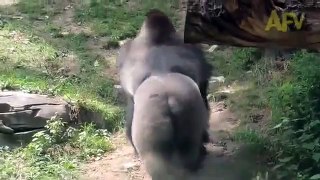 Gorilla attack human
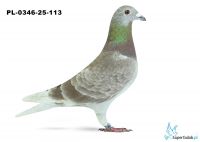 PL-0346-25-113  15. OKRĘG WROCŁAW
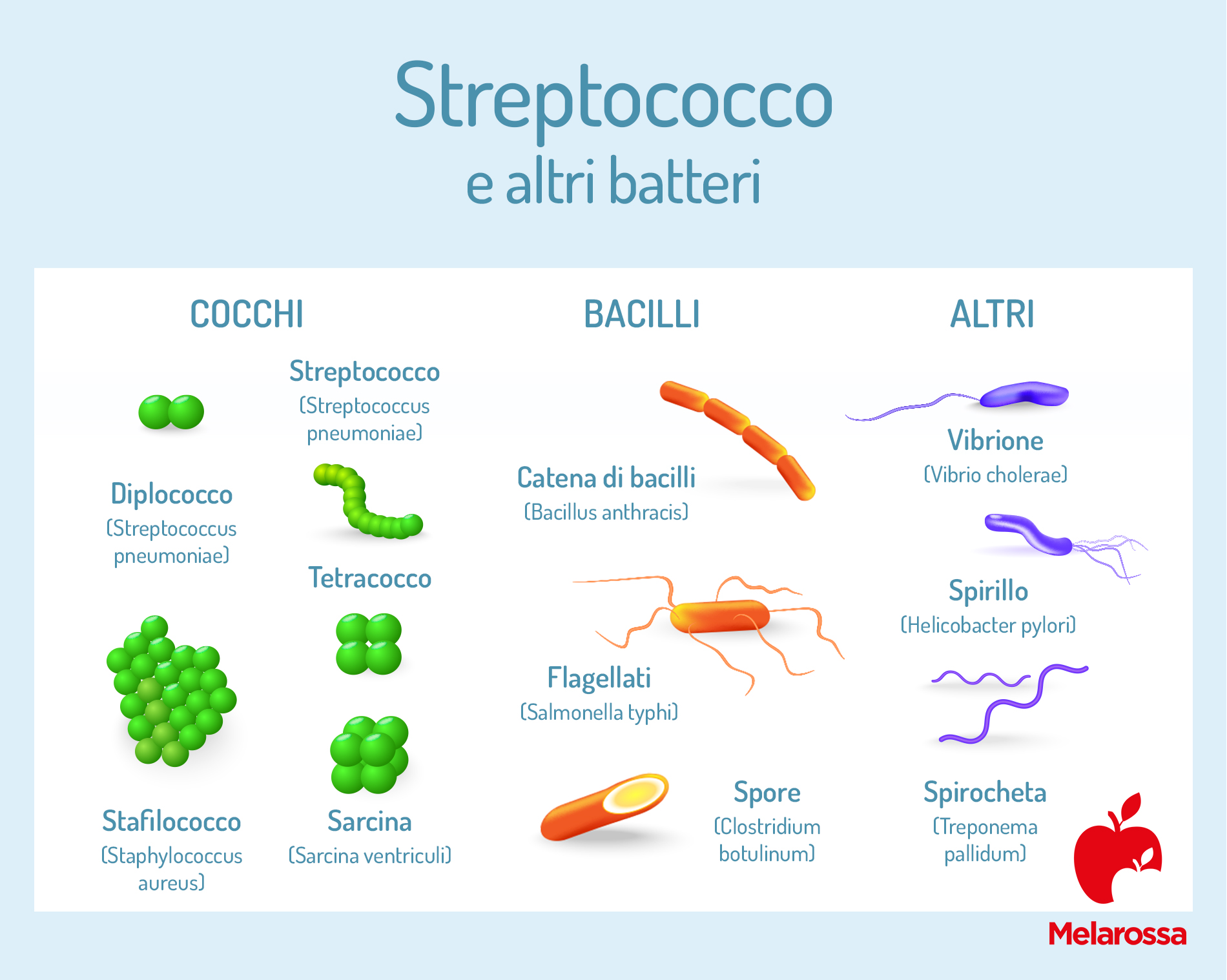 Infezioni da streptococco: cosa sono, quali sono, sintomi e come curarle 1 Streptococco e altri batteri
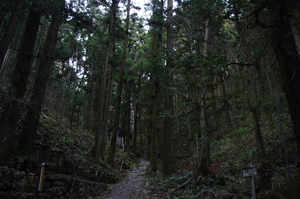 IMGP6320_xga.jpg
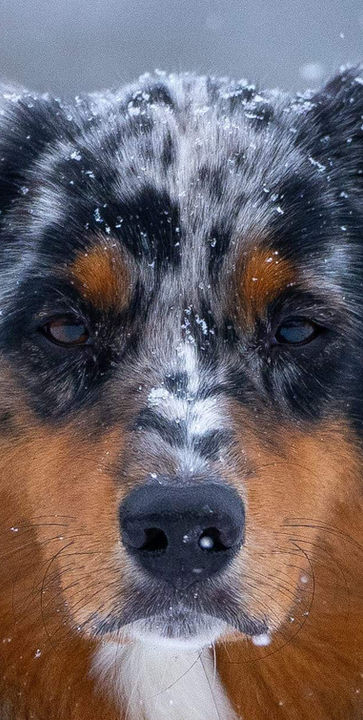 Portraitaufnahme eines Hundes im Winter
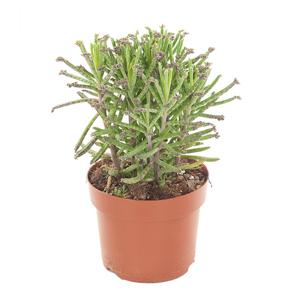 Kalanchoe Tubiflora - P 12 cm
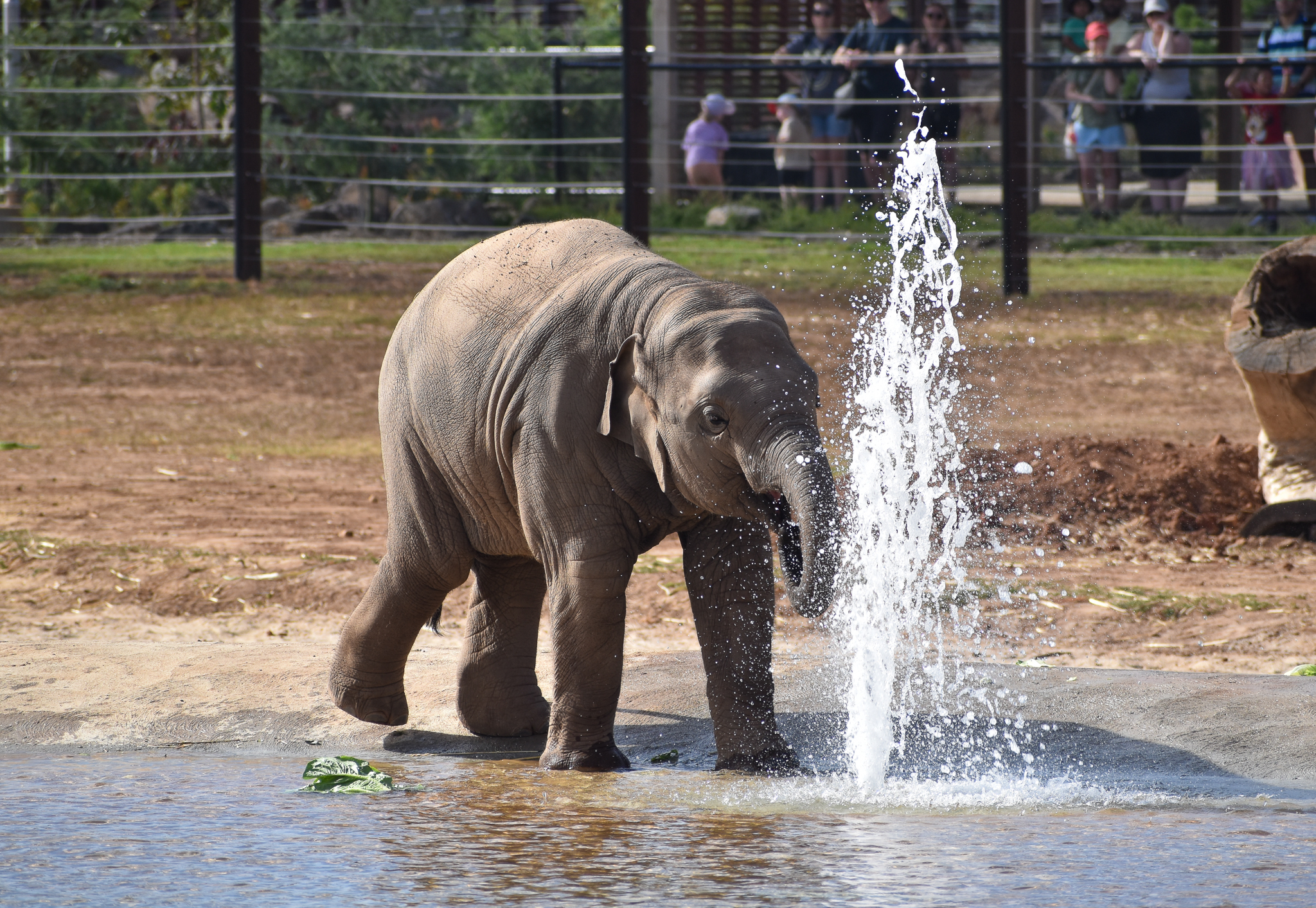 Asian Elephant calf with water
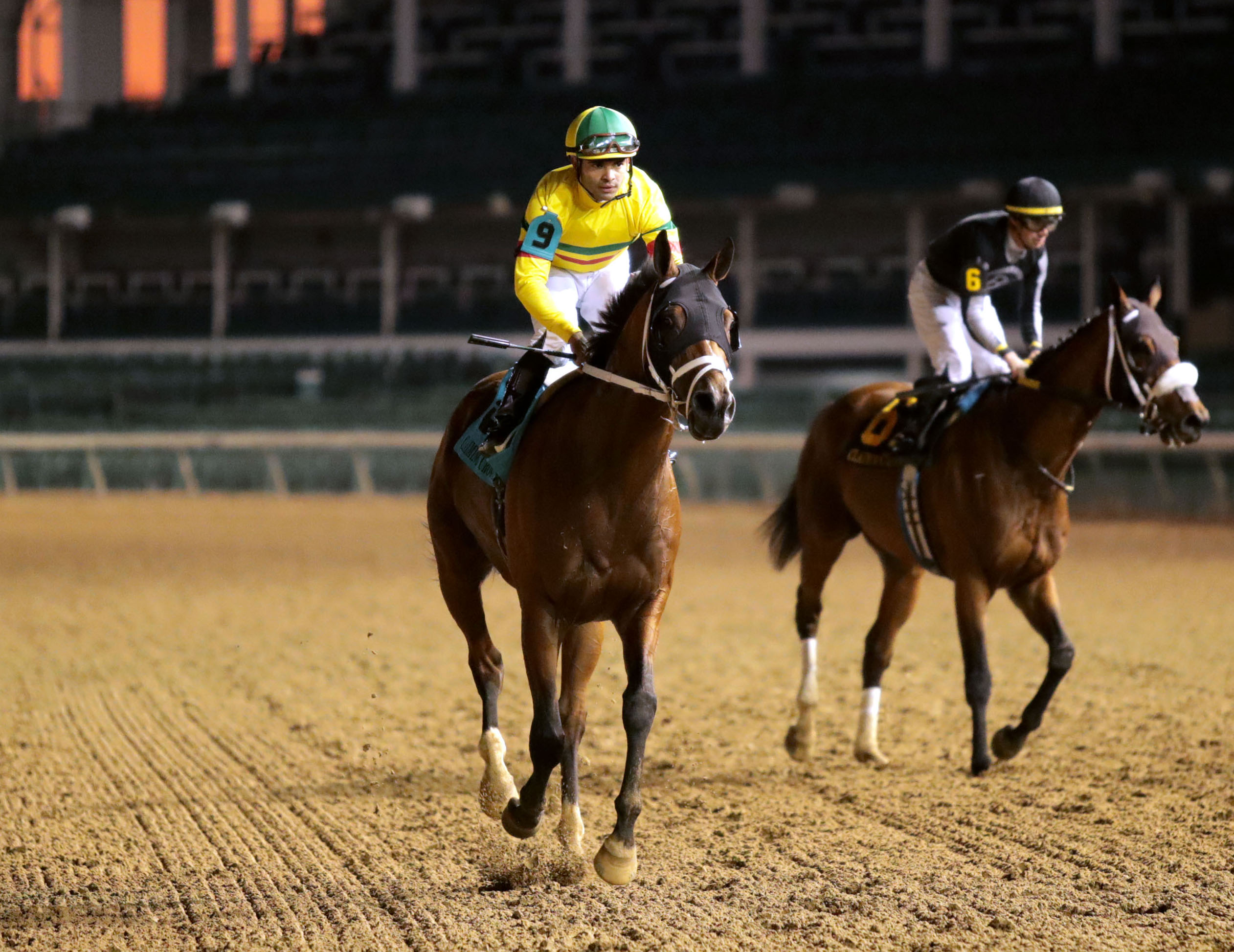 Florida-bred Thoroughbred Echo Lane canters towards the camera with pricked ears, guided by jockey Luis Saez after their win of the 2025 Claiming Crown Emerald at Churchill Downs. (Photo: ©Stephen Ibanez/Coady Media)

> **Work request**: Every line in the records is to be retyped exactly as it stands; the pictures stay out.

> **Answer to this exercise**:
 Gorilla attack human
 PL-0346-25-113  15. OKRĘG WROCŁAW
 Infezioni da streptococco: cosa sono, quali sono, sintomi e come curarle 1 Streptococco e altri batteri
 IMGP6320_xga.jpg
 Portraitaufnahme eines Hundes im Winter
 Kalanchoe Tubiflora - P 12 cm
 Asian Elephant calf with water
 Florida-bred Thoroughbred Echo Lane canters towards the camera with pricked ears, guided by jockey Luis Saez after their win of the 2025 Claiming Crown Emerald at Churchill Downs. (Photo: ©Stephen Ibanez/Coady Media)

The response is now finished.